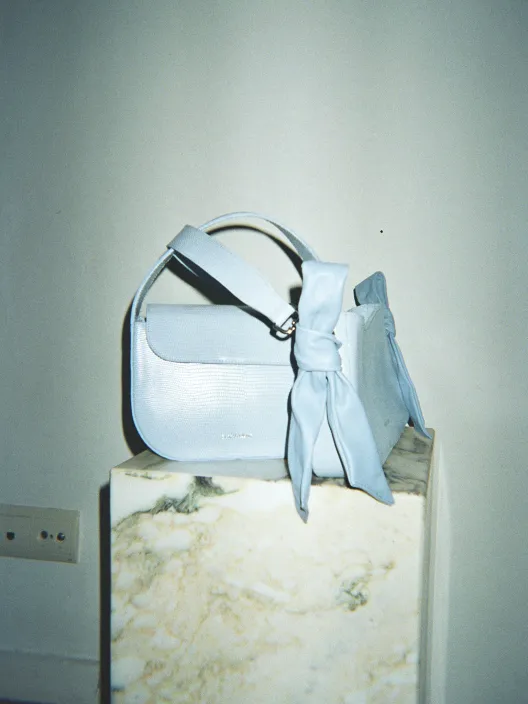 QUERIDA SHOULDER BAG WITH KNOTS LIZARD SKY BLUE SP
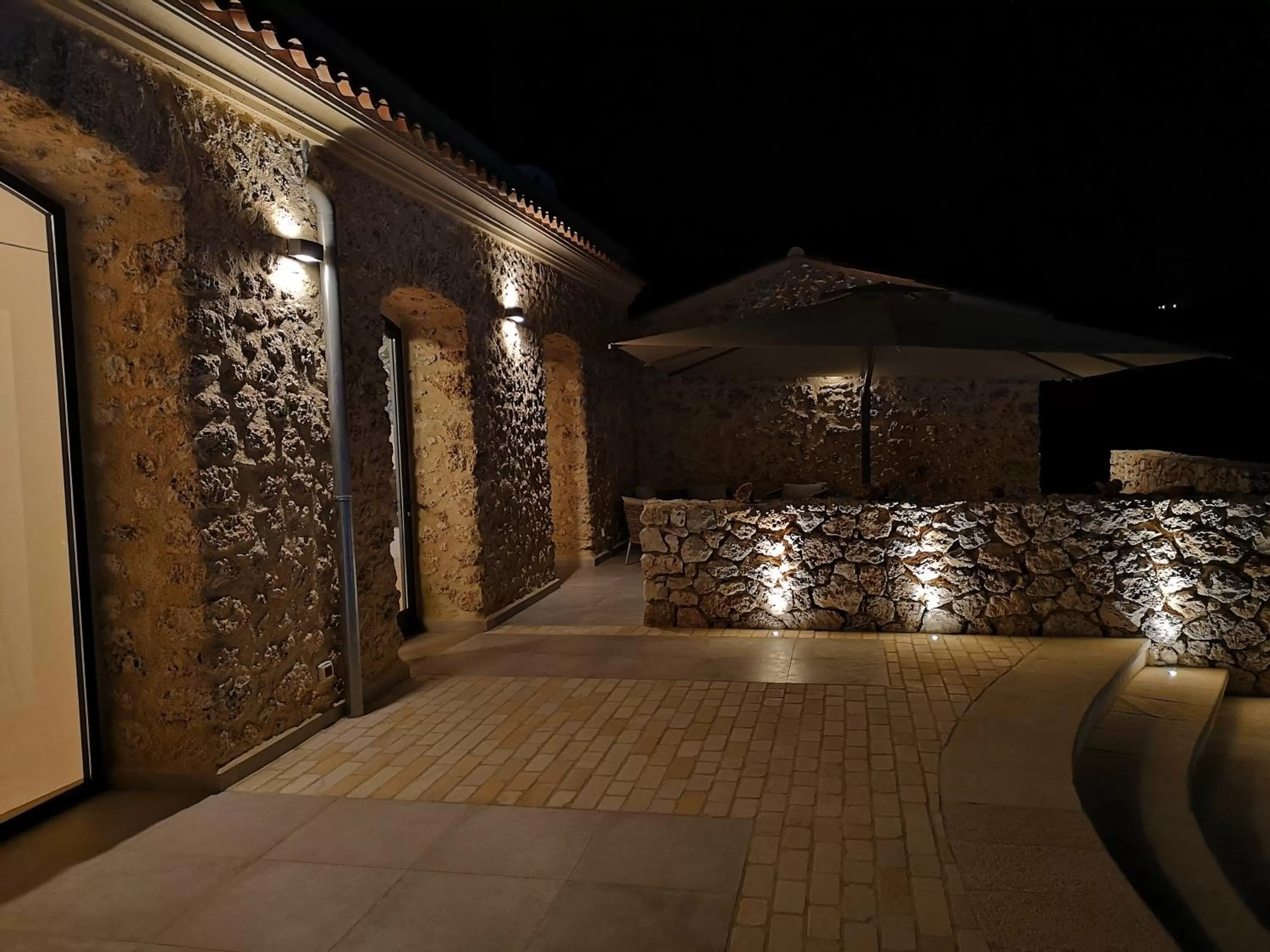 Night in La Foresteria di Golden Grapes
==
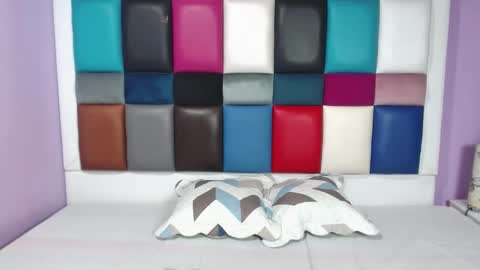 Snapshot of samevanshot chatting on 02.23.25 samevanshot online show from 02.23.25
* * *
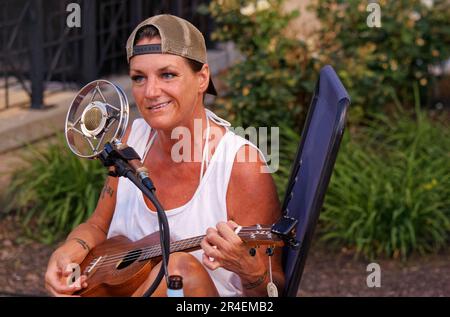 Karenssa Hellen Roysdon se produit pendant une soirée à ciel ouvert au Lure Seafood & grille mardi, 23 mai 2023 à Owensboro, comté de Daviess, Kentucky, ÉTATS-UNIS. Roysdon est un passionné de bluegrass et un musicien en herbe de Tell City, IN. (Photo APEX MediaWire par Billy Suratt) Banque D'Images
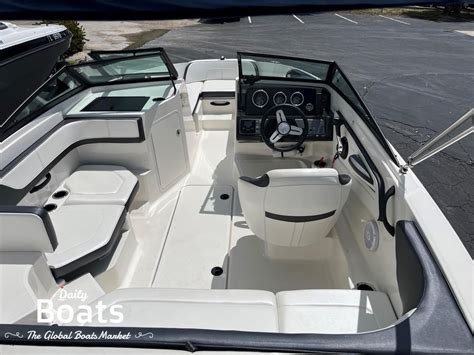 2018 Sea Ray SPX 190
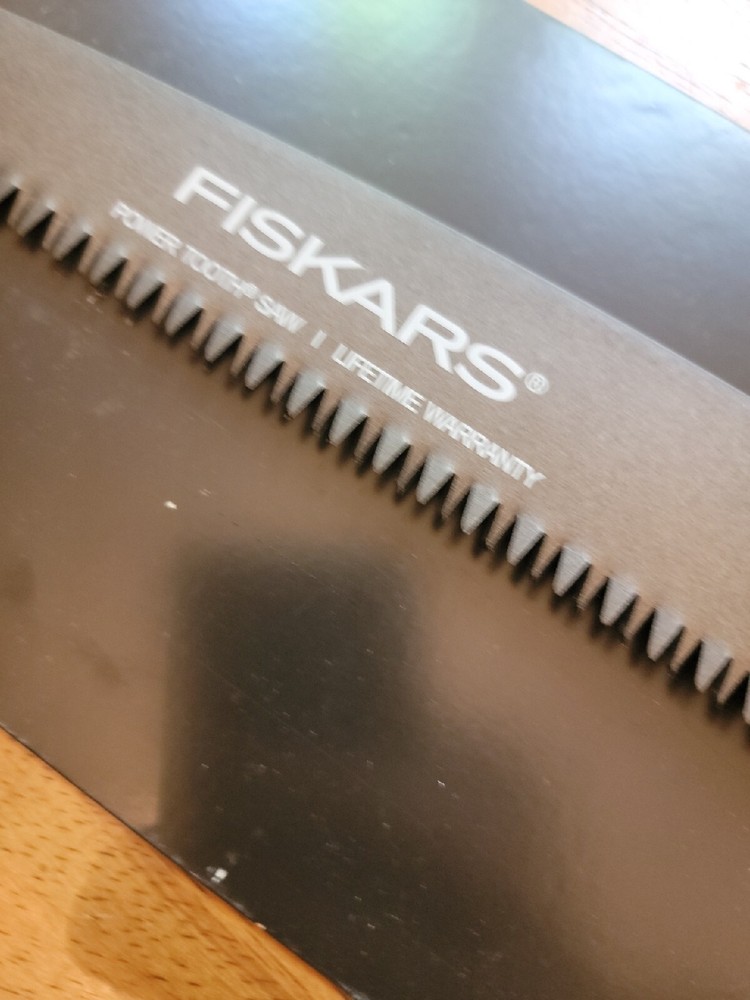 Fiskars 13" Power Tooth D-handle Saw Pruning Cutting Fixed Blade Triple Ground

# REQUIRED WORK
Your answer should consist of the lines above between those holding "QUERIDA SHOULDER BAG" and "Night in La Foresteria di Golden Grapes", inclusive, reproduced word for word and without pictures.

# YOUR RESPONSE
 QUERIDA SHOULDER BAG WITH KNOTS LIZARD SKY BLUE SP
 Night in La Foresteria di Golden Grapes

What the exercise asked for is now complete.